With no votes against and only two abstentions - and even these were probably due to a miscount - 105 people's deputies raised pieces of red card to endorse their extinction. In a single morning, they abolished their jobs in the Supreme Soviet, disbanded district soviets (or councils) in towns across Kalmykia, and set up a 25-member commission to draft a new constitution. The new constitution will greatly expand the President's authority and fix rules for elections to a new, streamlined legislature.
'We have taken a historic step,' announced President Ilyumzhinov on the edge of Lenin Square, still named in honour of the author of the pre-eminent Bolshevik slogan - 'all power to the soviets' - that had been rejected with rather unnerving Bolshevik discipline only a few minutes before, inside the parliament building. 'We have become the first place in Russia to free ourselves of the soviets. It is a great day.'
If only Boris Yeltsin could be so lucky. He would like nothing better than to do away with the Congress of People's Deputies, the Russian legislature that has made his life misery for much of the past year. Mr Ilyumzhinov is eager to give advice. He visited Moscow last week and briefed Mr Yeltsin on his bold plans for Kalmykia, offering his republic of 320,000 people as a testing ground for sweeping reform.
The events in the Kalmykian capital of Elista, however, will not be easily repeated in Moscow, 1,150kms (715 miles) away to the north. For one thing, Kalmykia is tiny: sheep outnumber people nearly nine to one. Its main industry is wool, though it does have some oil.
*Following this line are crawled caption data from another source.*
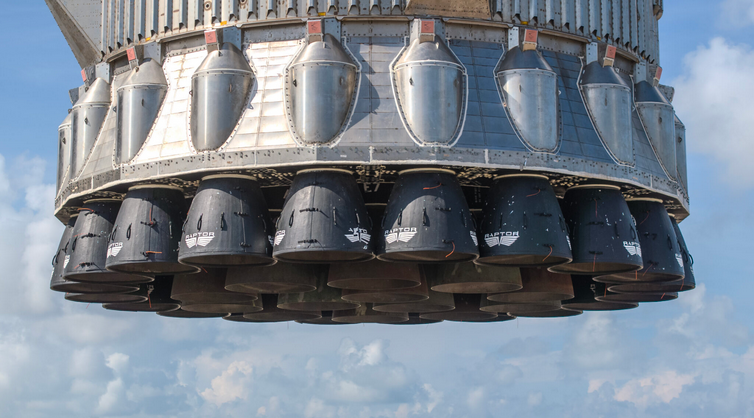 5956d1c5-0e45-49b3-affb-22a36189baad-image.png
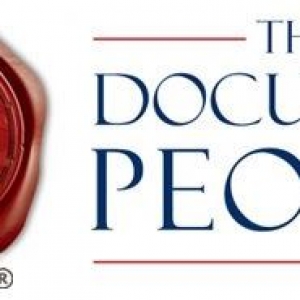 Document People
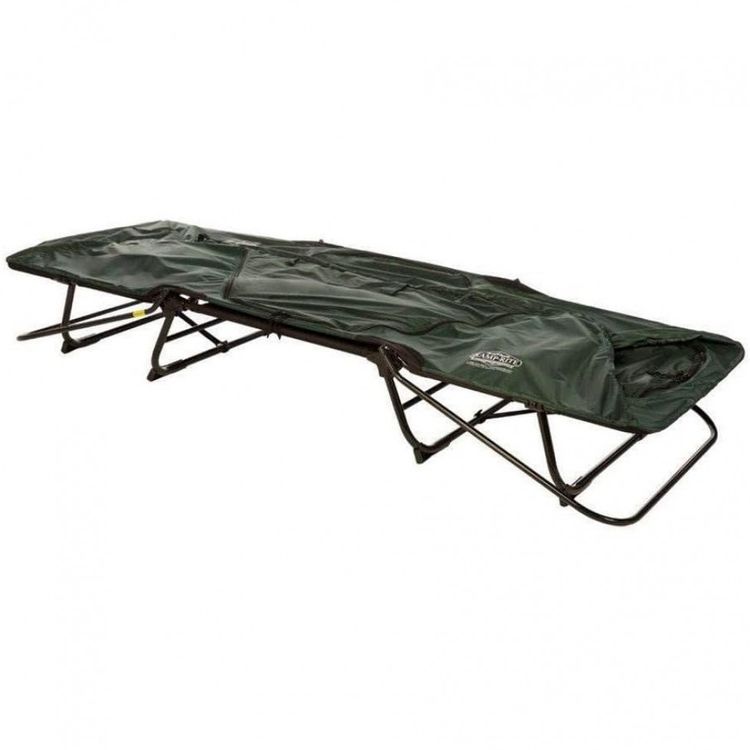 Kamp-Rite-Barraca-Suspensa-Portatil-para-Acampamento-foto-3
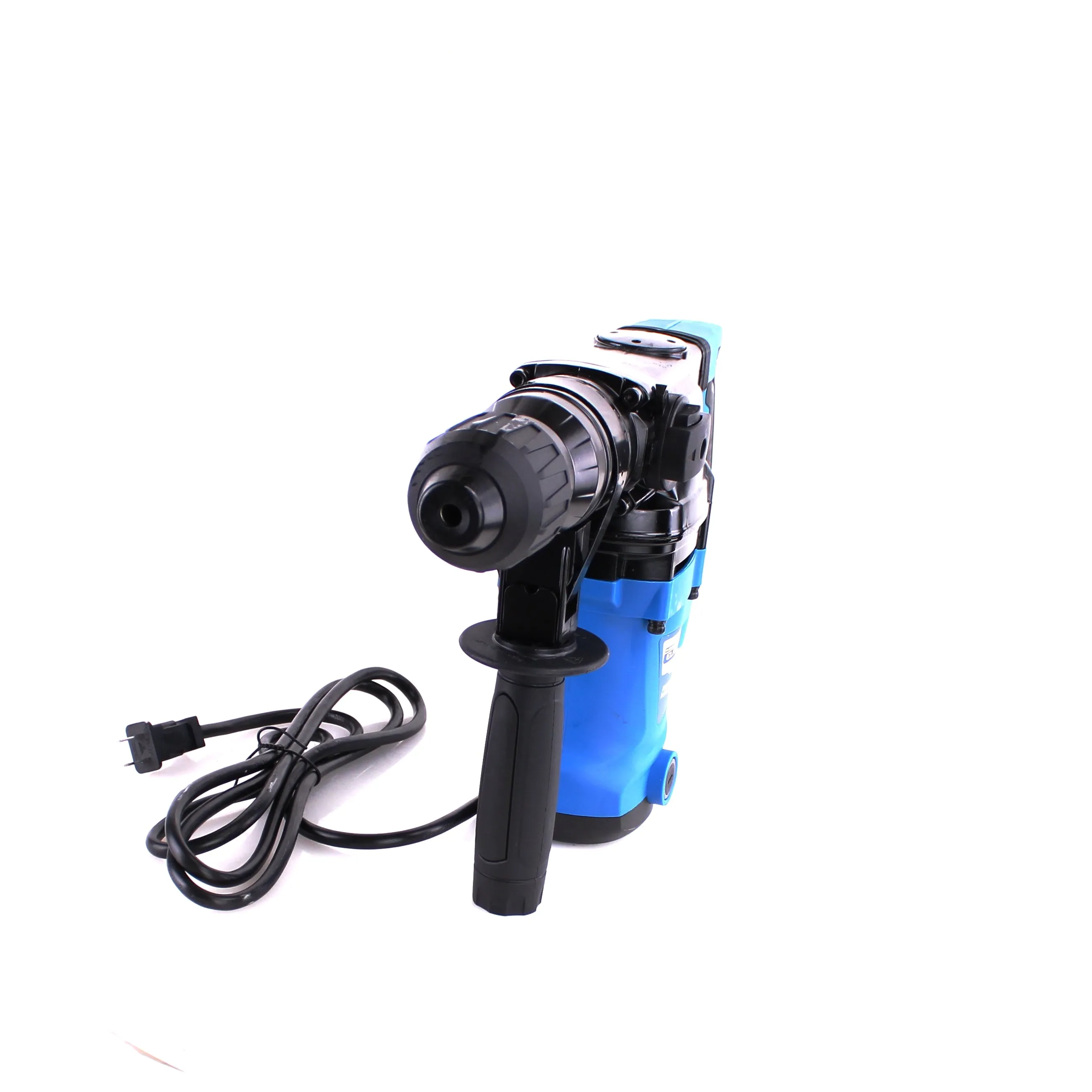 Elite Professional Rotary Hammer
Populated by a mix of Russians and Kalmyks - a vestige of the Mongol-Tatar empire - Kalmykia is merely one of nearly 90 administrative units that make up the sprawling, fractured entity known as the Russian Federation. The Kalmykian Supreme Soviet had only 125 members. The Congress, representing all Russia, has more than a thousand.
President Ilyumzhinov - like Mr Yeltsin - portrays people's deputies as an obstructionist remnant of the Communist order. They do represent old-thinking. But the ease with which he persuaded them to sign their own death warrants shows theirs is not the aggressive conservatism of the Moscow Congress but the passive one of men imbued with the most inviolable principle of Communism - obedience.
The next item on Mr Ilyumzhinov's agenda is to create a zone of unfettered capitalism and deliver on an election promise to turn Kalmykia into a 'second Kuwait'. He wants to shrink the bureaucracy by cutting the number of ministries from 25 to five. Among those to go is the Security Ministry, though local secret policemen seem in no mood to give up their four-storey headquarters in the centre of Elista.
While insisting Kalmykia must stay part of Russia, he woos nationalists with a pledge to seize full economic independence. The republic, he says, will refuse subsidies from Moscow, which now account for about 90 per cent of the budget.
'I am not a politician,' explained the President. 'I am not a Communist. I am not a democrat. I am a capitalist. I want to raise the standard of living.' It was this theme - and a campaign promise to give families dollars 100 ( pounds 64) - that won him a landslide victory in presidential polls in April. He got 65 per cent of the vote. His rival, a deputy commander of Russian ground forces, won 29 per cent.